Empatia e risolutezza, presenza e delega, risultati e benessere del team. A chi ricopre ruoli di responsabilità viene chiesto tanto. Soprattutto, viene richiesto di tenere insieme aspetti che spesso sono tra loro antitetici.
Non è dunque un caso se, come evidenzia Gallup, negli ultimi anni i manager hanno riportato livelli di burnout più elevati rispetto ai propri collaboratori. Frequentemente si afferma che le persone non lasciano l’azienda ma il proprio capo. Le ragioni sono molteplici: relazioni conflittuali, stili di leadership centrati sul controllo, mancanza di riconoscimento e così via. Tutti elementi da attenzionare e su cui intervenire, certo. Ma se la ragione di questi comportamenti che portano le persone – letteralmente – a scappare, risiedesse nel fatto che stiamo perdendo di vista il benessere psicologico di chi è manager?
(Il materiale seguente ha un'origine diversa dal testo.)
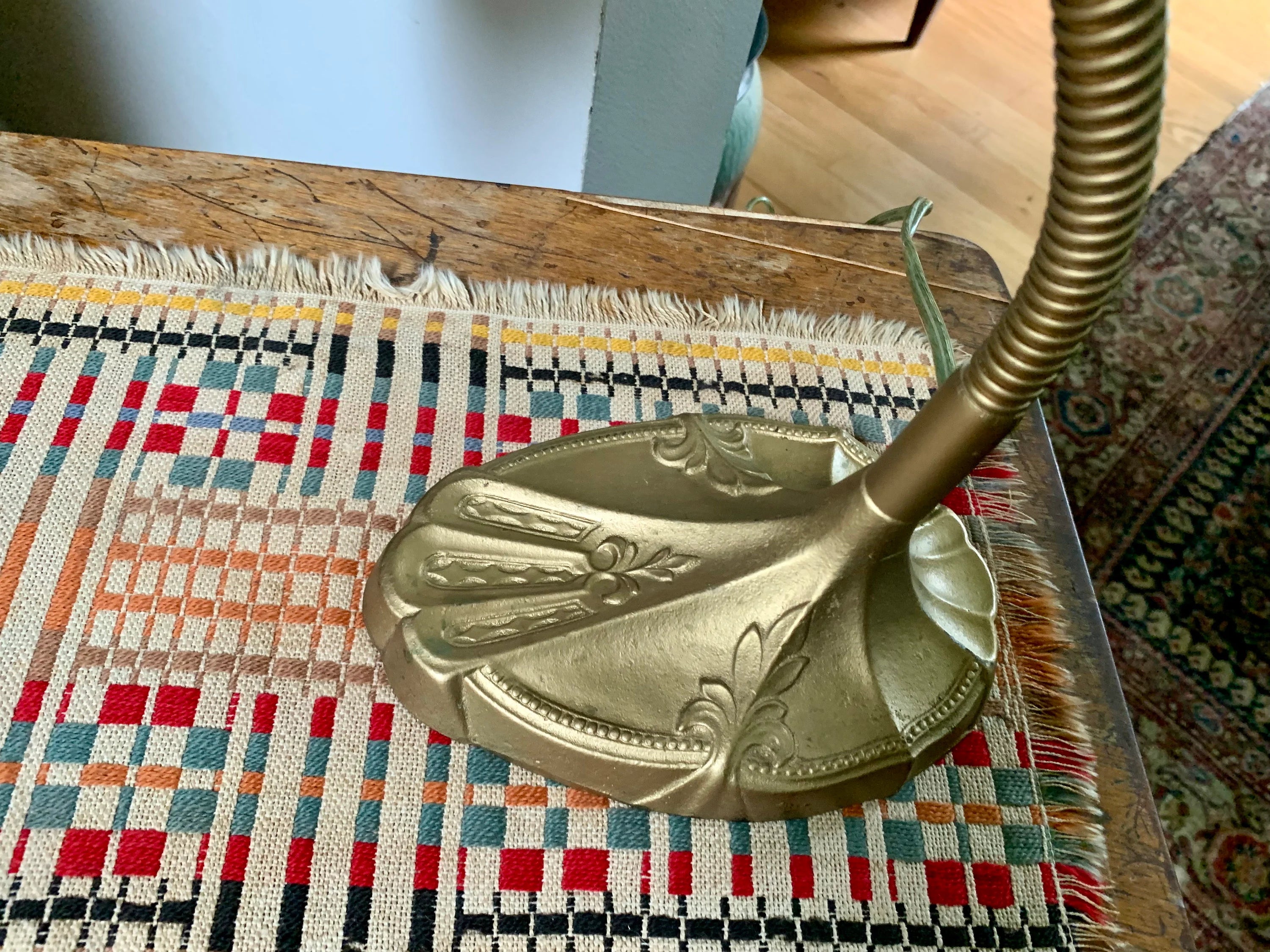 Vintage S.W. Farber Goose Neck Lamp | Industrial Cast Iron Desk Lamp | Rustic Desk Lamp| Antique Desk Lamp| Art Deco Lamp with Frosted Globe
Come ricorda un articolo dell’Economist, chi ha ruoli di responsabilità si divide tra aspettative, il più delle volte irragionevoli, di chi sta sopra e di chi sta sotto. Sono spesso soggetti a richieste contrastanti e molti di loro sono manager per accadimenti di carriera, piuttosto che per consapevoli scelte e autentiche ambizioni. Tanti, infatti, ricoprono questo ruolo perché è l’unica via possibile per una maggiore retribuzione e per ottenere influenza.
Dovremmo dunque domandarci: quanti responsabili desiderano essere tali perché ciò offre loro la possibilità di gestire e far crescere altre persone? E quanti, invece, aspirano ad esserlo per tutte le restanti implicazioni? Ossia reddito, riconoscimento, prestigio, potere, status e benefit?
Essere in grado di prendersi cura della dimensione umana e relazionale del proprio team non è di per sé semplice. Anche quando c’è la motivazione a farlo. Ragione per cui diventa ancora più complesso nel momento in cui questo compito viene vissuto come una sorta di effetto collaterale del proprio ruolo di manager.
Formare chi i responsabili all’empatia e a una leadership a misura di benessere psicologico diventa spesso complesso non tanto perché sono competenze che – se non possedute naturalmente – sono difficili da acquisire. Quanto, piuttosto, perché manca un reale e autentico ingaggio alla base. Occuparsi di persone richiede volontà e impegno. Se non si possiedono inclinazione e desiderio in tal senso – ma ci si ritrova comunque a doverlo fare in virtù del ruolo che si ricopre – il rischio è altissimo. In chi è manager si generano vissuti di frustrazione e inadeguatezza, in chi è collaboratore, malcontento.
Ecco allora che forse potremmo affermare che le persone non lasciano i propri capi: lasciano quei capi che faticano a riconoscere, valorizzare e gestire la dimensione umana. Quei manager che desiderano essere manager, ma vorrebbero esserlo senza team al seguito. Responsabili senza persone e dunque, in definitiva, responsabili di chi?
La domanda da porsi diventa dunque: si è diventati manager per un reale desiderio alla base o per un “incidente” di percorso? E se lo si è perché si desiderava esserlo, cos’è che ha spinto a diventarlo? La retribuzione, il prestigio o la possibilità di gestire e far crescere altre persone? Una risposta che andrebbe data senza vergogna. Perché è lecito anche affermare che si è arrivati dove si è, per ragioni che nulla hanno a che fare con la volontà di coordinare un team.
C’è necessità e urgenza di una riflessione all’interno delle organizzazioni: non tanto “cosa significa essere manager?” quanto, piuttosto, “perché si diventa manager?”
Un po’ più di onestà intellettuale salverebbe molte aziende. E tutelerebbe il benessere psicologico di molte persone. Tanto di responsabili quanto di collaboratori.